Plain-language companion: v0.22.0.md

v0.22.0 — Production Scalability & Downstream Integration

Status: ✅ Released. Driven by PLAN_OVERALL_ASSESSMENT.md P1 items not addressed in v0.21.0 and the highest-value P2 items.

Release Theme This release delivers the two highest-impact items from the overall assessment deferred from v0.21.0: a minimal-viable in-database parallel refresh worker pool (the single largest scalability unlock) and a downstream CDC publication so stream table changes can drive Kafka, Debezium, and event-sourcing pipelines without a second replication slot. Two P2 items ship alongside: a predictive cost model for adaptive refresh and SLA-driven tier auto-assignment.
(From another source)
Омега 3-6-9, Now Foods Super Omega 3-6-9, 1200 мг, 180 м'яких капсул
The transactional outbox helper moves to v0.24.0 where it ships alongside a companion inbox helper as a complete transactional messaging solution.

Downstream CDC Publication (P1 — §9.2)

In plain terms: pg_trickle consumes CDC from source tables but cannot emit changes downstream. This adds stream_table_to_publication() — a helper that exposes every row applied to a stream table as a PostgreSQL logical replication publication so Kafka Connect, Debezium, and event-sourcing pipelines can subscribe with zero code and no second replication slot.
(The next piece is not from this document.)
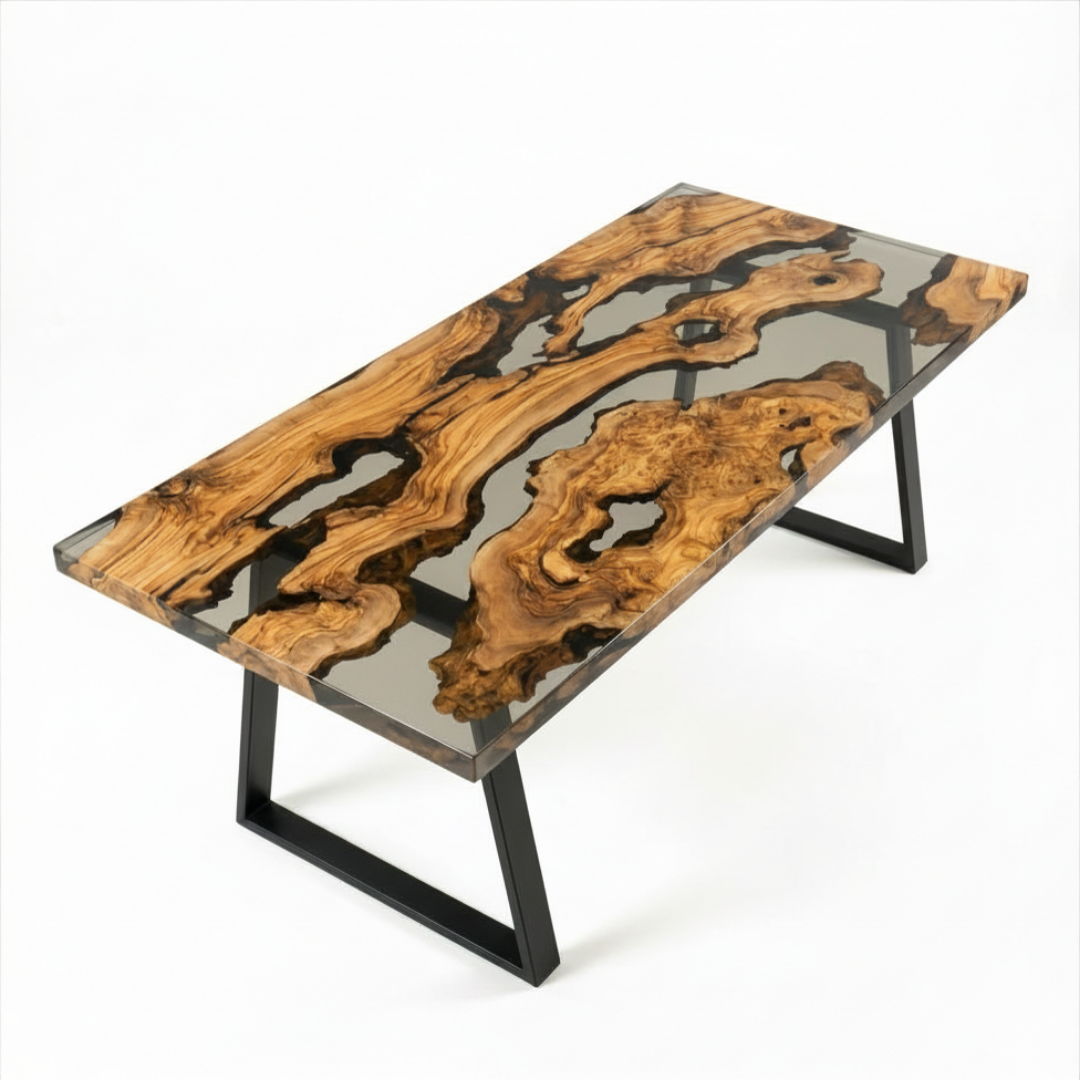 Light Grey Epoxy Olive Wood Dining Table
Item Description Effort Ref
CDC-PUB-1 stream_table_to_publication(name TEXT) SQL function. Creates a logical replication publication for the target stream table using pgt_inserted_rows/pgt_deleted_rows output from the MERGE step. Catalog column downstream_publication_name tracks the association. 2–3d PLAN_OVERALL_ASSESSMENT.md §9.2
CDC-PUB-2 Lifecycle management. drop_stream_table_publication(name), auto-drop on drop_stream_table(), recreation on schema-change rebuild. 1d PLAN_OVERALL_ASSESSMENT.md §9.2
CDC-PUB-3 pg_stat_stream_tablesdownstream_publication column. Surface publication name (or NULL) in the monitoring view. 0.5d PLAN_OVERALL_ASSESSMENT.md §9.2
CDC-PUB-4 E2E tests. Create publication; verify subscriber receives insert/update/delete events; drop and verify cleanup. 1d PLAN_OVERALL_ASSESSMENT.md §9.2
CDC-PUB-5 Documentation. docs/SQL_REFERENCE.md section on downstream publications; tutorial showing Kafka Connect integration pattern. 1d

Downstream CDC publication subtotal: ~1–1.5 weeks

In-Database Parallel Refresh Worker Pool — Minimal Viable Slice (P1 — §3.1)
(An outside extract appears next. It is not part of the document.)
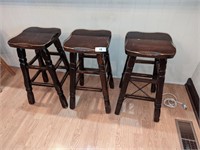 (3) Wood Stools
In plain terms: The scheduler today runs one refresh at a time per tick. This installs a dynamic bgworker pool — a coordinator owns the DAG, workers execute refreshes — so independent stream tables at the same DAG level refresh simultaneously. Deployments with 200+ STs or long refresh queues get immediate throughput gains. Opt-in via max_parallel_workers; default 0 preserves existing serial behaviour.

Item Description Effort Ref
PAR-1 Coordinator / worker process split. Coordinator BGW manages the tick; dispatches ready-to-run STs to a PgLwLock-protected shared work queue; worker BGWs pop entries and execute refresh transactions. 1.5–2wk plans/sql/PLAN_PARALLELISM.md §3
PAR-2 pg_trickle.max_parallel_workers GUC (default 0 = serial, range 0–32). Gate the entire parallel path so deployments can opt in incrementally. 1d plans/sql/PLAN_PARALLELISM.md §4
PAR-3 DAG level extraction. Re-use topological_levels() already in dag.rs to identify STs that can run concurrently (same level, no intra-level edges). 0.5d plans/sql/PLAN_PARALLELISM.md §3
PAR-4 Worker crash recovery. Coordinator marks the ST ERROR in pgt_refresh_history on worker crash (same behaviour as serial crash); respawns the worker slot. 1d plans/sql/PLAN_PARALLELISM.md §5
PAR-5 E2E tests: correctness + throughput. Diamond DAG with concurrent same-level refreshes; verify no partial-consistency window. Benchmark: wall-clock tick latency vs serial at 50-ST scale. 1d plans/sql/PLAN_PARALLELISM.md §6

Parallel refresh subtotal: ~3–4 weeks

Predictive Refresh Cost Model (P2 — §9.3)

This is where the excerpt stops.